When The Student Is A Computer: Teaching Machines To Do New Tricks

October 29, 2018

The combination of machines, people and data is sparking a scientific revolution in genomics

By: Jeffrey Reid, PhD, Vice President, Head Of Genome Informatics, Regeneron Genetics Center

When artificial intelligence (AI) or machine learning (ML) makes the news, the focus tends to be flashy applications such as self-driving cars, social media bots, and face recognition. The very names of these methods seem designed to leave the impression that we are moving into a sci-fi future where computers are thinking and learning just like us, and may be becoming something more human than human.

But clear away the hype, and most AI/ML methods are narrowly focused—just fancy names for accurate, lightning-fast computational pattern recognition. In fact, some of these methods are not even new or innovative, just old-fashioned data analysis with improved branding. Unfortunately, the fancy name evoking the alluring idea of computers thinking like humans obscures the fact that the methods themselves aren’t nearly as important as the data from which they learn.

“…we are building data sets that can turbo-charge AI/ML strategy to speed up our ability to pull insights out of Electronic Health Records (EHR) and genetic data.”

 Regeneron Genetics Center® robotic employee preparing lab samples

One of the Regeneron Genetics Center's robotic employees hard at work preparing lab samples

This is particularly true in biology, medicine, and pharmaceutical development, as biology is extremely complex, medical record data is usually very messy, and our understanding of the impact of genomic variation is still in its infancy. At the Regeneron Genetics Center® (RGC), we’re trying to improve this by pairing AI/ML technology with some of the world’s best, most inquisitive scientists and an unprecedented amount of robust genetic and real-world health data. The combination of machines, people, and data is sparking a scientific revolution in genomics, the field in which computational and statistical techniques are applied to derive biological insights from genome sequence and human trait data. Bringing the data, tools, and people together like this is helping us model diseases and look for new drug targets and therapeutic indications.
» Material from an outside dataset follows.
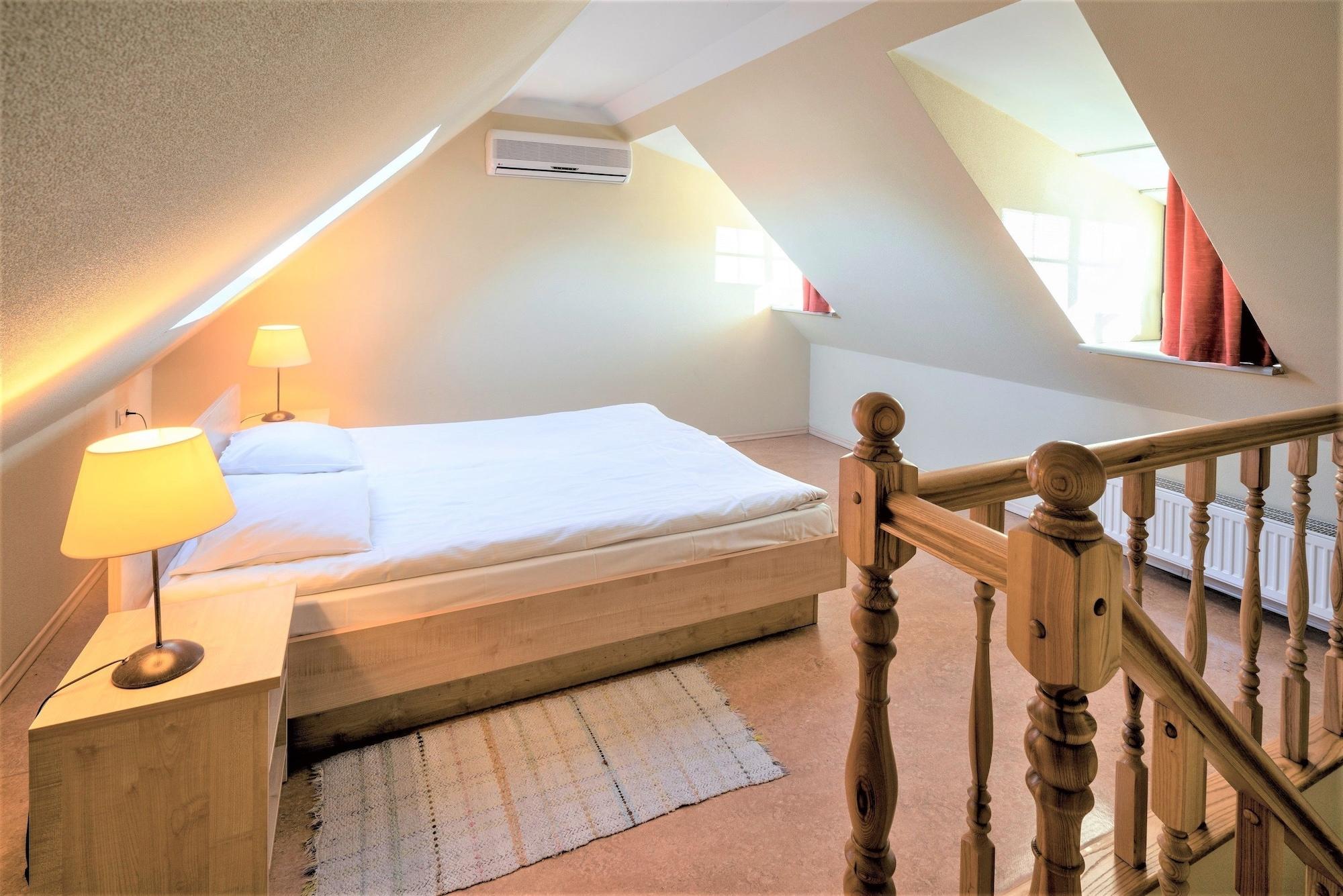 Rija Domus Hotel Riga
For example, here at the RGC, we’re using the power of AI/ML tools to find the root causes of diseases like eczema and asthma and identify the very specific proteins needed to correct them.

Building tomorrow today

Through our partnerships with the Geisinger Health System, UK Biobank, and others, we are building data sets that can turbo-charge AI/ML strategy to speed up our ability to pull insights out of electronic health records (EHR) and genetic data. For instance, with the clinical data from the EHRs, we have worked hard on both manual and automated approaches to harmonize the information; so even though we may receive two very different types of data in different formats from different sources, once they are processed through our system we can make “apples-to-apples” comparisons. As a result, we can analyze the clinical and genetic data to identify genetic variants and their impact on human biology—in turn, validating current investigational therapies or leading to new areas of therapeutic research.

“Bringing the data, tools, and people together like this is helping us model diseases and look for new drug targets and therapeutic indications.”

Along the way, we’ve created one of the world’s most comprehensive genetics databases. This database of rich information lays the foundation for scientific research that will lead to large-scale, life-changing discoveries. But these discoveries can’t be made by machine alone—it’s truly a team approach that relies on people, data, and computation all working together toward the common goal of improving people’s lives with important new medicines.